Evangelical Christian Pastor

"Mother Grace" Tucker (January 4, 1919 – August 27, 2012) was an American Evangelical Christian pastor and philanthropist. She pastored and served Tulsa, Oklahoma's poor and homeless for over 50 years.

== Early life ==
Grace Bee Anderson was born in 1919 to Toby and Georgia Brooks Anderson. Grace was the 3rd of 11 children. She married VeOtis Tucker in 1937. They settled in Okmulgee, Oklahoma, and together they had 16 children. Though she had been raised in the church, she had not actively attended church in many years. Shortly after marrying VeOtis, she had a conversion experience and joined the Church of God in Christ. She soon realized that she was called to minister to members of her community. She began holding Bible study meetings in her home.

== Ministry ==
When her ministry first began, Grace Tucker was a part of the Church of God in Christ. She actively served in ministry and functioned as leader in her local church – Church of God in Christ Number 1. At the time that she realized she was called to minister, the Church of God in Christ did not allow women to be ordained. She eventually had to make a break from the Church of God in Christ in order to pursue her calling to the ministry. She founded a home church, and eventually built a small church in Okmulgee, Oklahoma. She is believed to be the first woman to pastor an independent church in Oklahoma.

She and her husband VeOtis involved themselves in benevolence ministry, and frequently took disadvantaged church members into their home. They relocated to Tulsa, Oklahoma in the 1960s. Grace expanded her ministry there to include extensive work with the disadvantaged. She owned several thrift shops and clothing and furniture distribution centers aimed at serving the low income population over the next 50 years. She named her church "Revival Center House of Prayer". The church, which still stands today, is known for its spirited services, and its emphasis on "spirit-led" worship, including singing, dancing, laying on of hands and speaking in tongues. Throughout her 50 plus years of ministry, her slogan was, "Everybody is Somebody".

Because she operated a thrift store near downtown Tulsa, she would frequently encounter homeless people who were in need of basic clothing, food and shelter. She purchased a building in 1981 at 739 N. Main street in Tulsa, Oklahoma which would double as a church building and shelter for Tulsa's most needy citizens. She dubbed it the "Rescue Home". After receiving a $40,000 donation in 1986, she was able to purchase a former country club on Tulsa's west side that was to become a multipurpose facility. She had plans to feed the hungry, start a Christian school for low-income families and hold church services there. After only a few months, the building was destroyed by a fire.

She continued to house the homeless and feed the poor while pastoring her congregation throughout the 1980s and 1990s. Police would often send vagrants to her ministry rather than arrest them for vagrancy. Mother Grace Tucker revolutionized the way the homeless were cared for in the city of Tulsa.

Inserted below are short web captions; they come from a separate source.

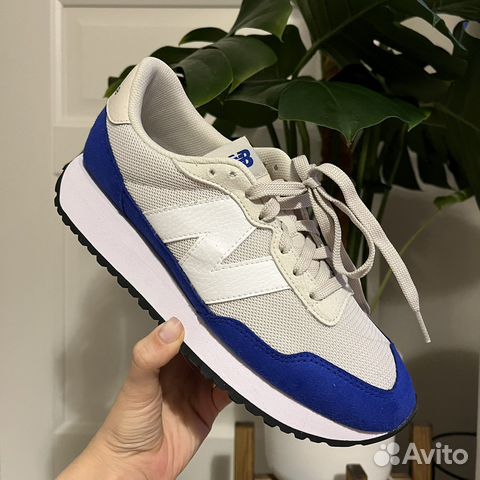 New Balance 237 оригинал, новые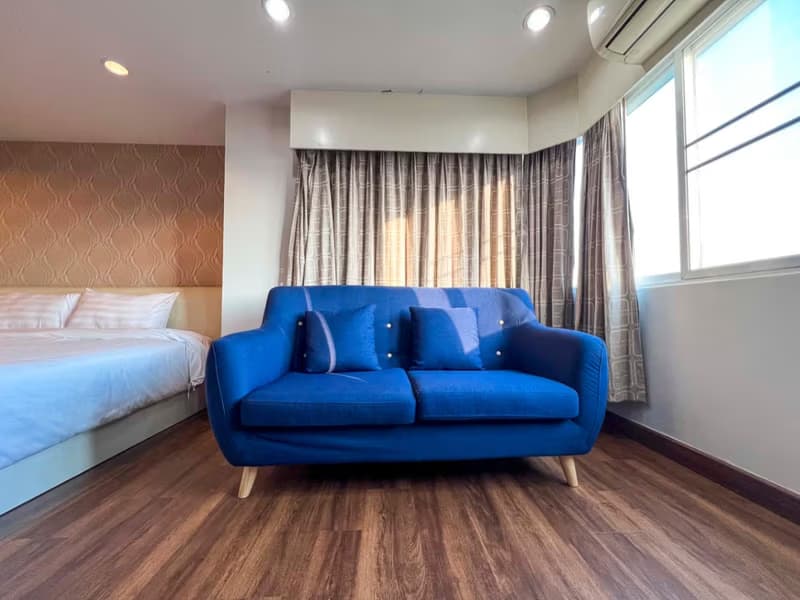 Studio for Rent in Suthep, Mueang Chiang Mai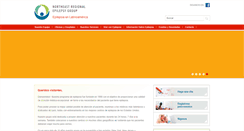 Desktop Screenshot of epilepsia.net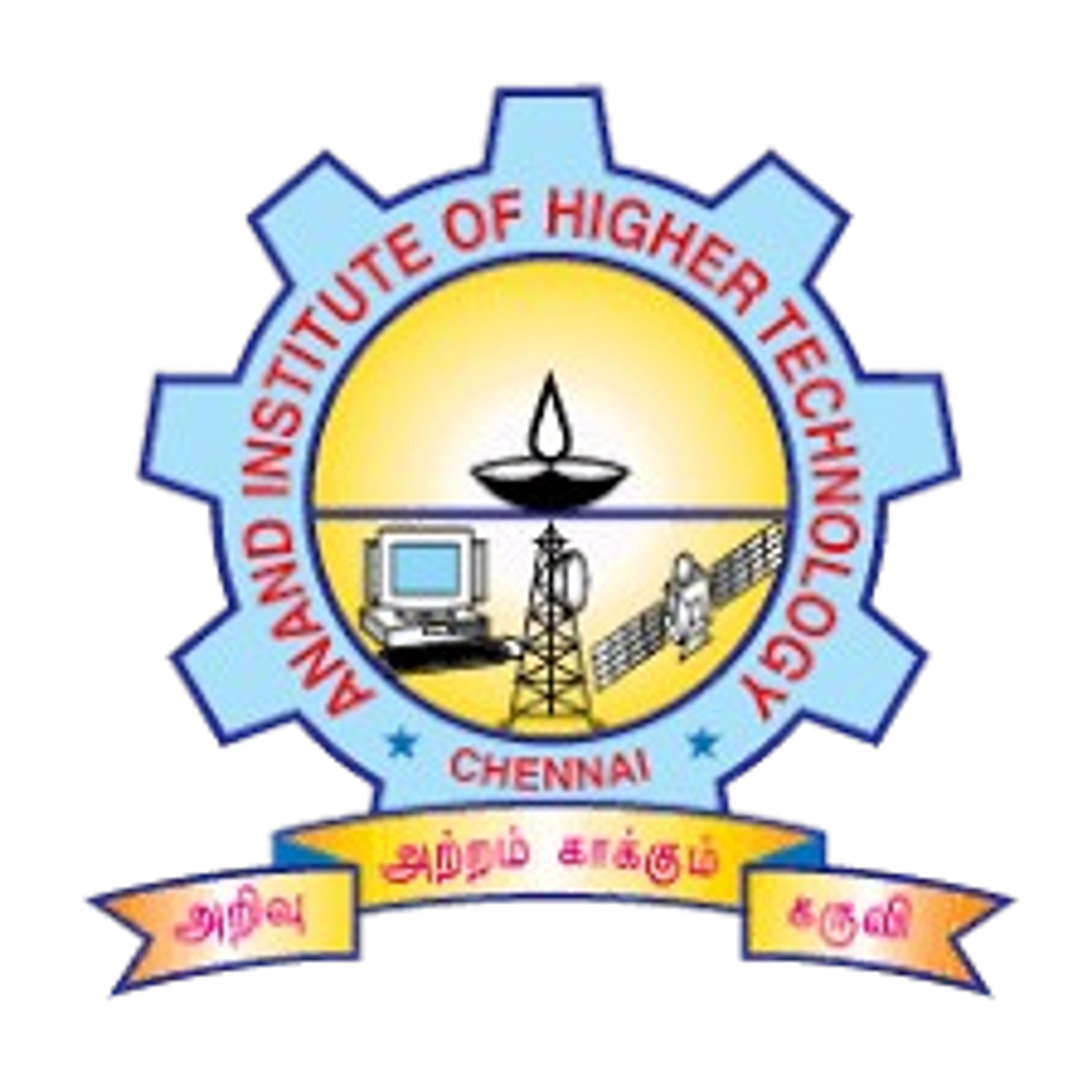 college logo image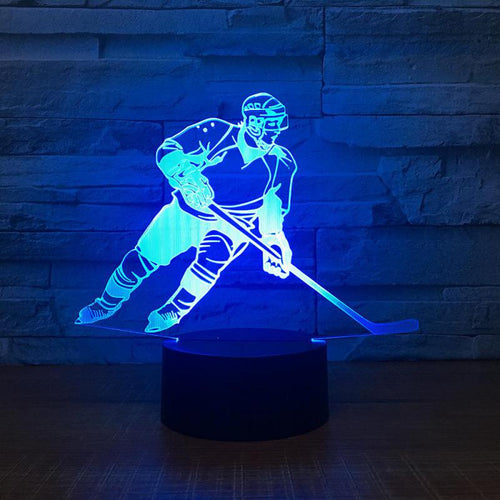 Hockey  Night  Light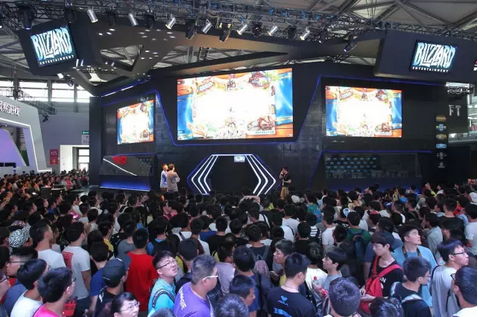 ChinaJoy2016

She put no restrictions on residents of her Rescue Mission with regard to inebriation or time limits. She housed and fed anyone that was in need of her help. After her nightly church services, she would host what she named, "The Mercy Meal". It is estimated that she provided more than 500,000 meals to Tulsa's poor.

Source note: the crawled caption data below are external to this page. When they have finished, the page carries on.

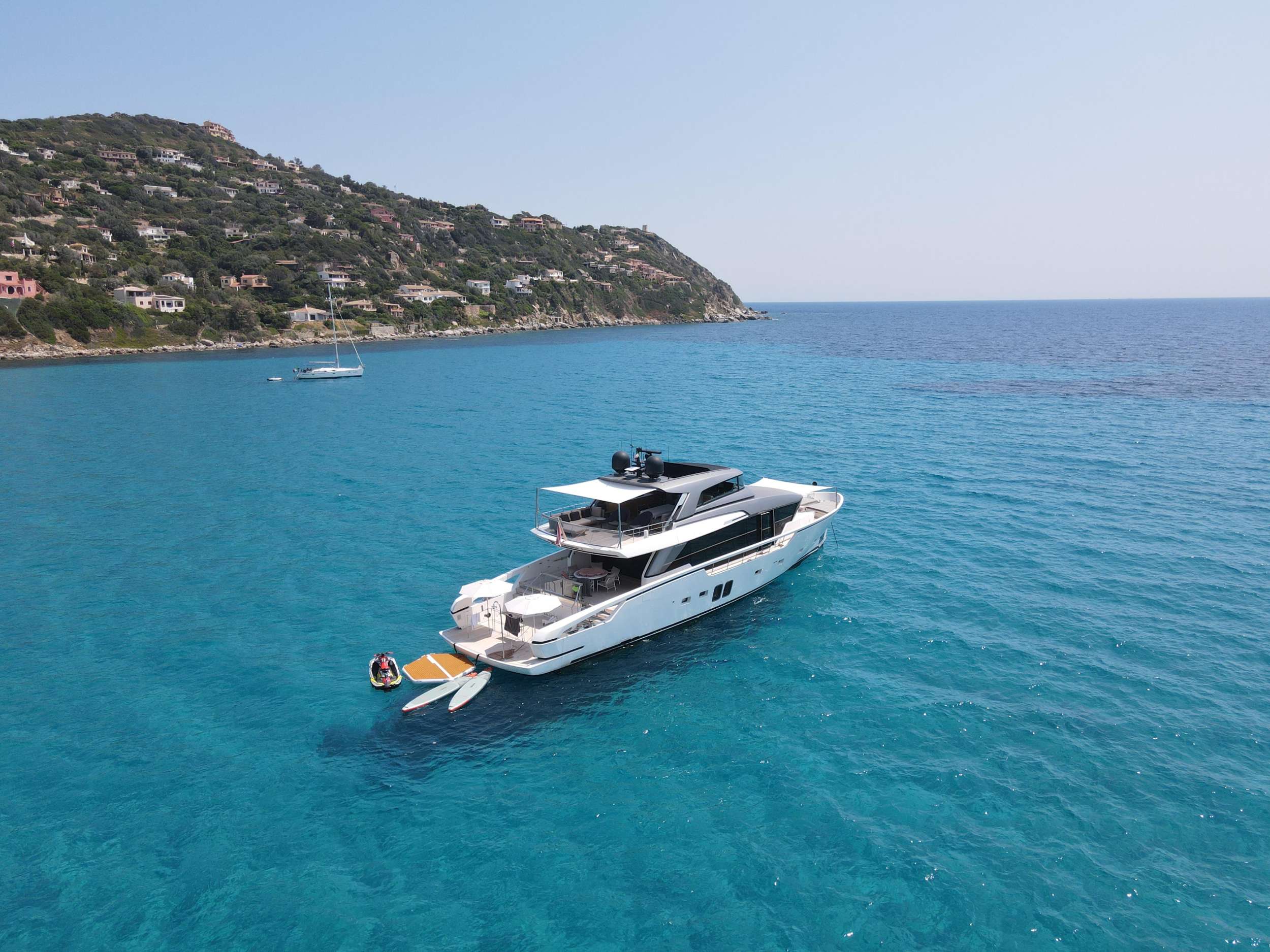 Yacht Photo
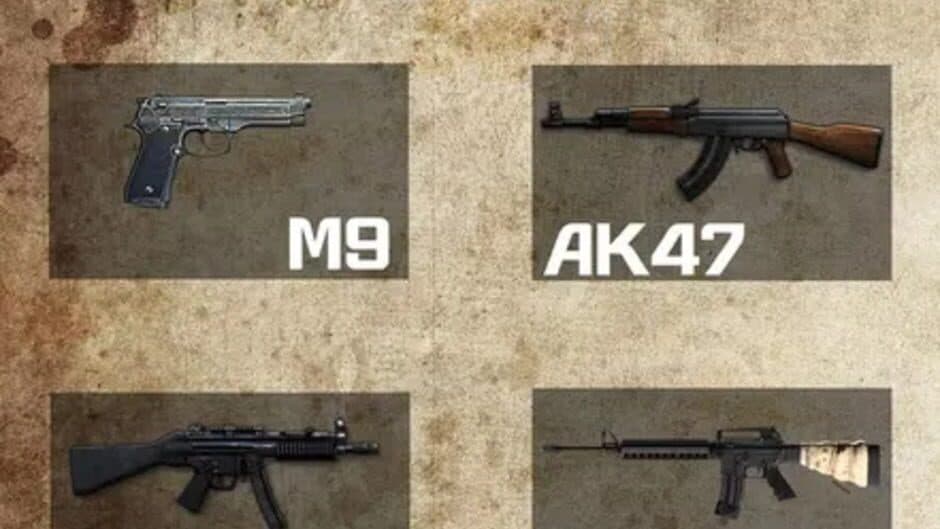 Скриншот 4 из Lonewolf: Zombie FPS 3D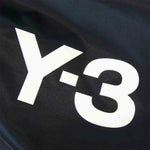 Yohji Yamamoto ヨウジヤマモト FH9251 Y-3 ワイスリー Sneaker Bag スニーカー ショルダー バッグ ブラック系【極上美品】【中古】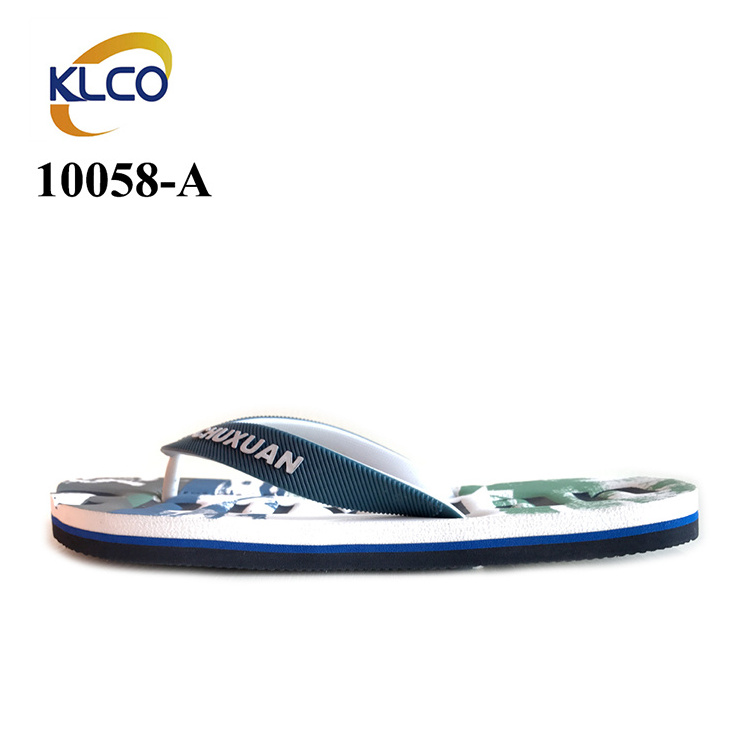 2021 new PU filp flop slipper sandals for women beach flipflops soft non-slip slipper for ladies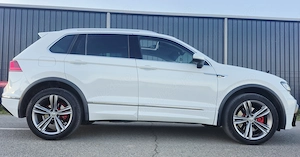 Vw Tiguan R-Line 2.0 TDI DSG (190cp) euro6 an 2017 inmatriculat 04.2026  - imagine 5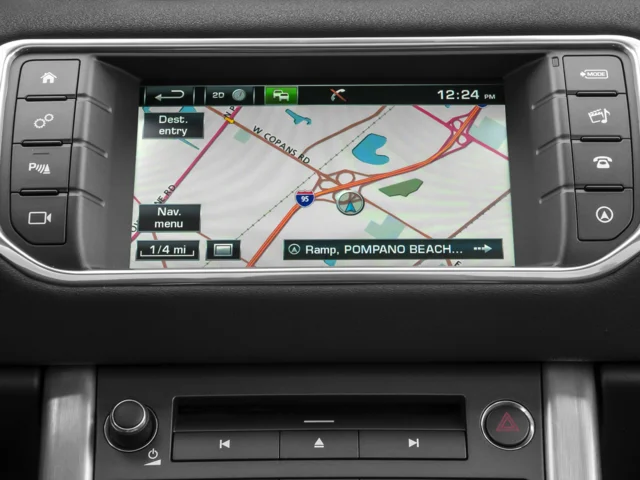 Used 2017 Scotia Grey Metallic Land Rover SE image 14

Through the years, she formed several satellite non-denominational "House of Prayer" churches in Oklahoma for which she was an Apostle and Overseer. in the mid-1980s, she began the tradition of handing out Thanksgiving meals to underprivileged families. For several years in the 1980s and 1990s, she handed out over 1,000 turkey dinners. [ In subsequent years, charities in Tulsa and beyond began to implement similar programs.

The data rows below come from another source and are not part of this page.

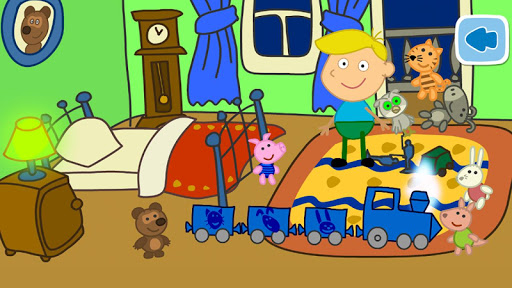 Teddy Bears Bedtime Stories  screenshots 2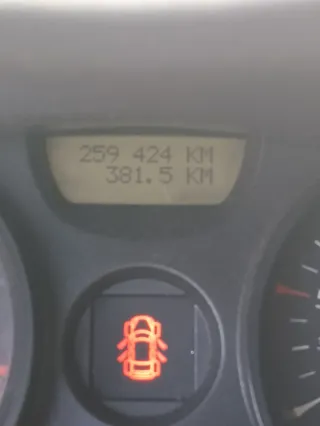 Renault Megane 2007
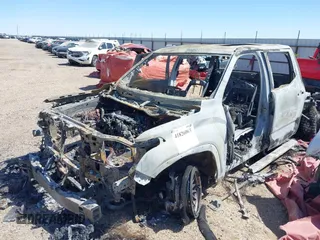 2023 Toyota Tundra Limited Hybrid with VIN 5TFJC5EC6PX004292, listed as a IAAI auction lot 41826063 with Not provided miles and . Bid and sale history available at DreamBid. Image 6.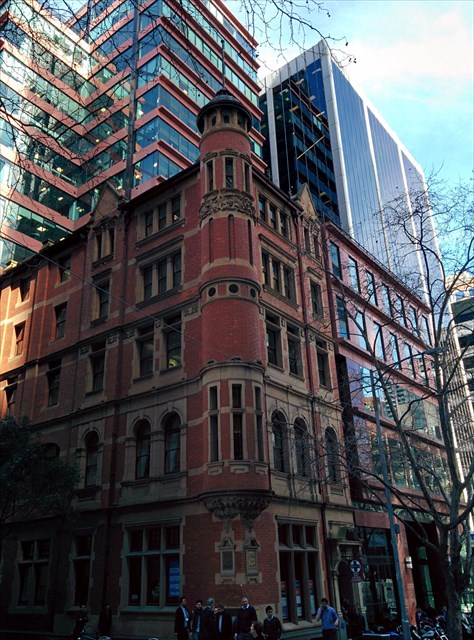 The Former Gollin Offices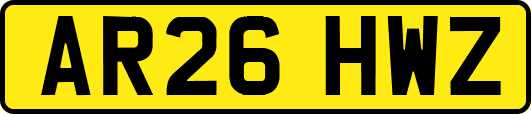 AR26HWZ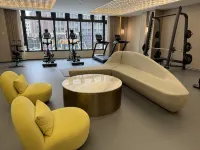 Rizhao Laidun Sea View Hotel - Gym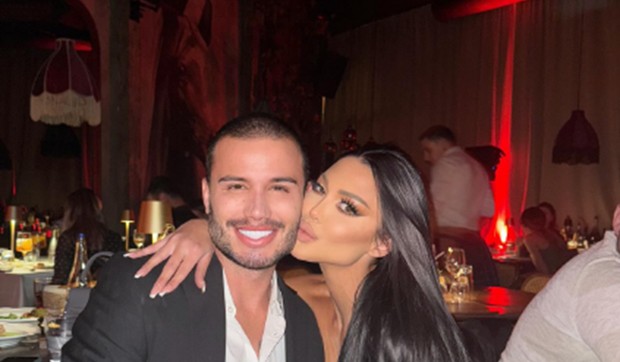 Matija Radulović i Maja Marinković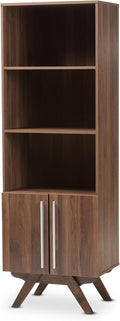 Wood Bookcase U365263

Her husband and father to her 16 children, VeOtis Roosevelt Tucker Sr. died in 1988 at the age of 81.

Mother Tucker Ministries, a not for profit umbrella organization, was established in the early 1990s to address the needs of the economically disadvantaged in the city of Tulsa, Oklahoma. It is managed by her children and is still in operation today.

== Awards and honors ==
She received multiple awards and honors, including having May 6 declared to be, "Annual Mother Grace Tucker Day" by Governor George Nigh in 1986. It continues to be celebrated to the present day. Main Street, the site of her original Rescue Mission, was renamed, "Mother Tucker Boulevard" in 2006. In 2001, she was awarded an honorary doctorate from Oral Roberts University.

== Education ==
Honorary Doctor of Theology degree from Oral Roberts University in 2001.